Com Lula e o PT à frente e bilhões de reais atrás, essa formidável escória nos deixou o país que esperávamos mudar com a derrota do bonifrate Haddad em 2018, mas que acabou piorando ainda com a posse de Bolsonaro em 2019. Um país assim não pode funcionar, mas o único Brasil possível, para eles, é o que tem como única função colocar a máquina pública a serviço de seus bolsos.

Observação: Há situações em que é preciso fazer escolhas ruins para evitar que coisas ainda piorem aconteçam, mas tudo tem limite. Também é preciso ter em mente que de nada adianta trocar a roda da carroça quando o problema são os burros. E que título de eleitor em mão de apedeuta é como isqueiro em mão de chimpanzé trancado num paiol de pólvora. Simples assim.

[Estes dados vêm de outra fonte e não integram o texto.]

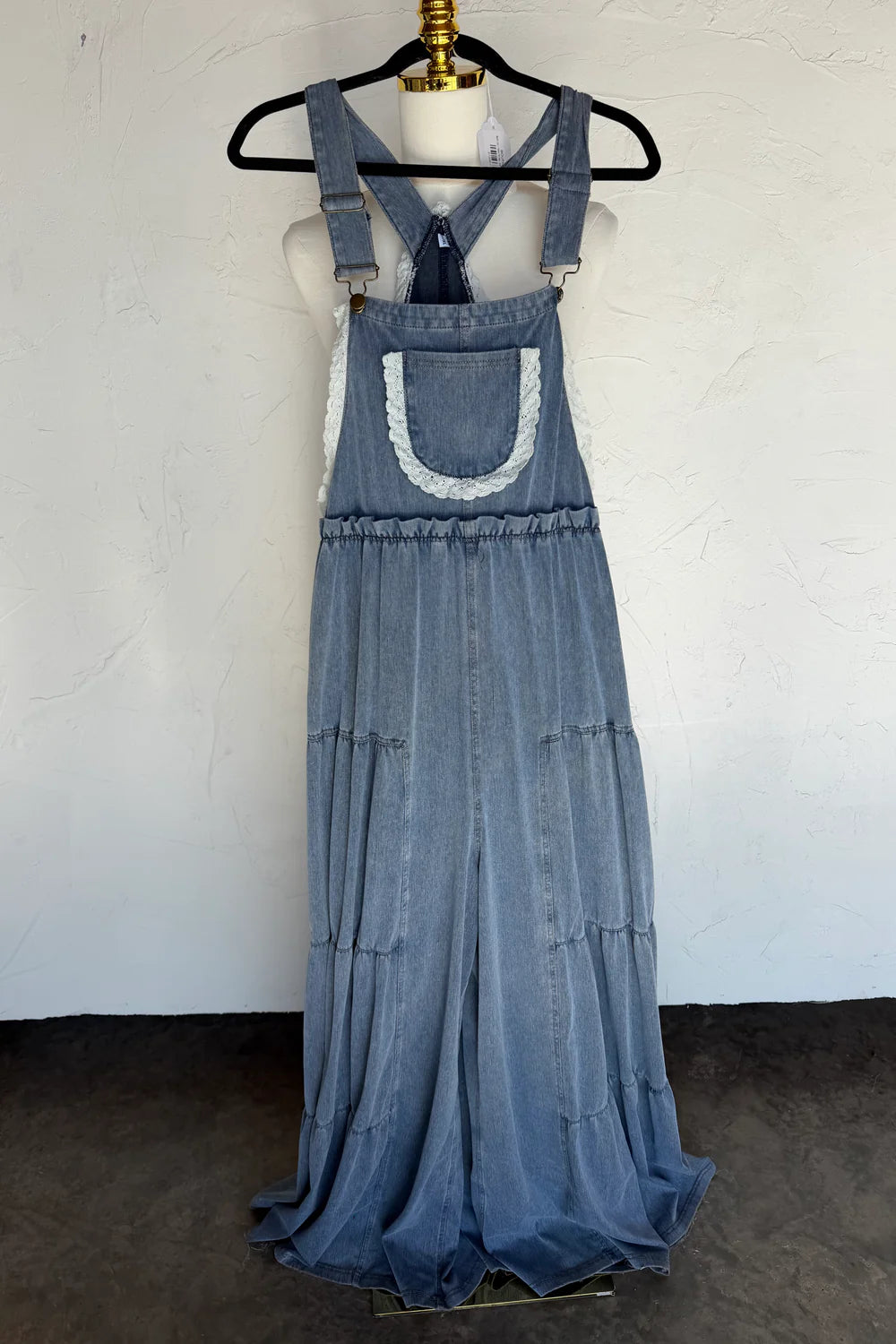 {Pre-Order} Boho & Lace Denim Overalls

Não é o Supremo que tem o dever constitucional de fiscalizar os atos do presidente da República e de destituí-lo em caso de abuso. É o Congresso Nacional. É hora de Lira, Pacheco e demais parlamentares se mostrarem dignos da herança de Ulysses Guimarães e Tancredo Neves. É hora de parar de lero-lero e aprovar o impeachment de Jair Bolsonaro. A crise não acabará enquanto ele continuar no Palácio do Planalto.